In 42 b.C., during a difficult stage of his life which brought him back to philosophy studies, he went back to the Parthenope city, where Philodemus of Gadara and his disciple Siro introduced Epicureanism. In Naples, between 42 and 39 b.C., the poet dedicated himself to the composition of the Bucolics.
His stay in Naples has been determining even for his second poem, the Georgics, which needed seven years of work from 37 to 30 b.C., whereas his greatest book, the Aeneid saw the light in Naples and Rome between 29 and 19 b.C,. As a great friend of Maecenas, Virgil frequented him assiduously in Rome as well as in his properties in Campania, in the area of Atella. Maecenas introduced him to Augustus, of whom Virgil became a great supporter, putting his art at the service of the growing empire.

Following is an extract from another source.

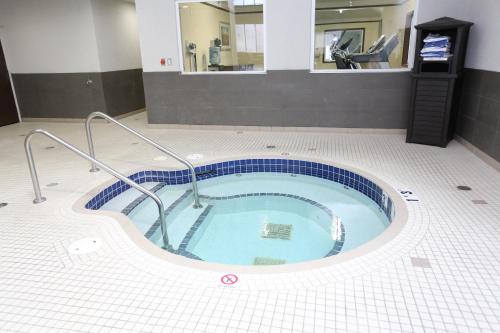holiday inn express and suites vernon by ihg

As a friend, according to the the medieval biographers, it was apparently Virgil who advised the emperor to build a big aqueduct in order to bring water from Serino to Naples and to Pozzuoli and Baia. In the same way he might have suggested other public books for the benefit of the places he loved and which also had an important role in the poetic inspiration and in the Aeneid, to which he was still working in the year 19 b.C. when, after having returned from a trip to Greece, he died in Brindisi on the 21st of September. He has been buried in Naples, in the Parco Virgiliano of Fuorigrotta, where you can still visit Virgil’s tomb.